• Work to be completed:
Could the listing below be returned exactly, with its pictures left out?

*** Data block Section Begins ***

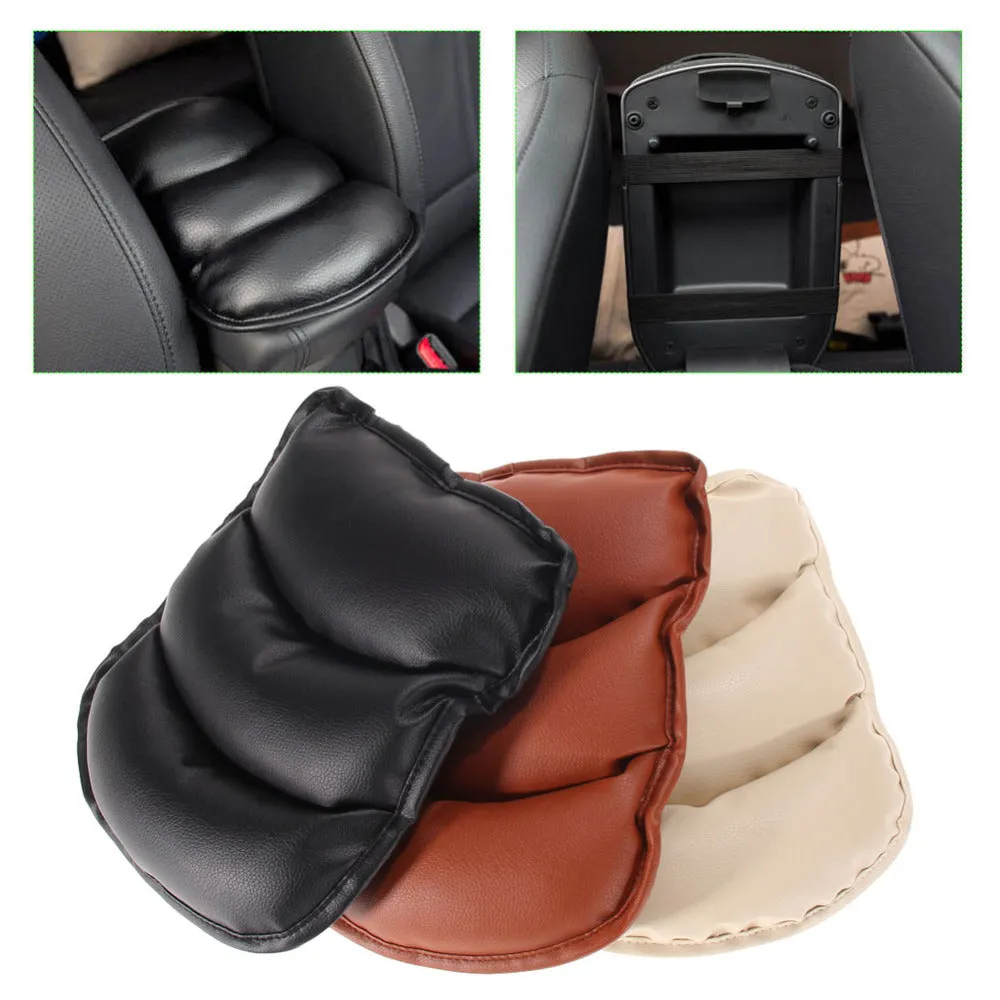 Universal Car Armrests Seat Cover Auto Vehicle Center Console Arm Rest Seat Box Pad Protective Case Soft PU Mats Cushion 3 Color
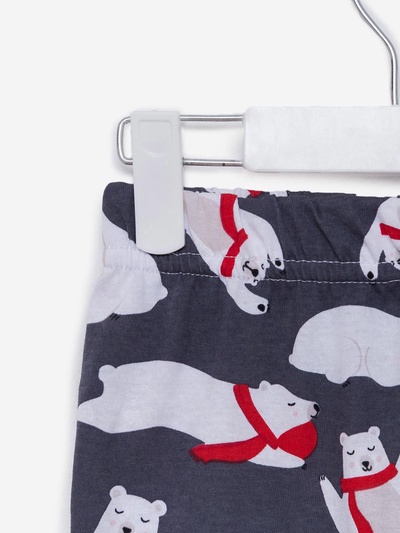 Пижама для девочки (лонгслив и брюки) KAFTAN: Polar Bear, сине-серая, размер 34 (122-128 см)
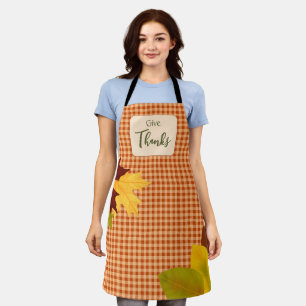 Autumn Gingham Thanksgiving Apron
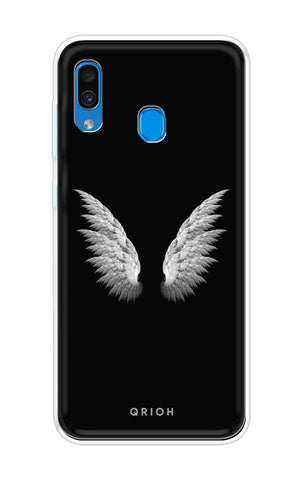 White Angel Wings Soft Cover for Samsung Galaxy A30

*** Data block Section Ends ***

• Answer below:
 Universal Car Armrests Seat Cover Auto Vehicle Center Console Arm Rest Seat Box Pad Protective Case Soft PU Mats Cushion 3 Color
 Пижама для девочки (лонгслив и брюки) KAFTAN: Polar Bear, сине-серая, размер 34 (122-128 см)
 Autumn Gingham Thanksgiving Apron
 White Angel Wings Soft Cover for Samsung Galaxy A30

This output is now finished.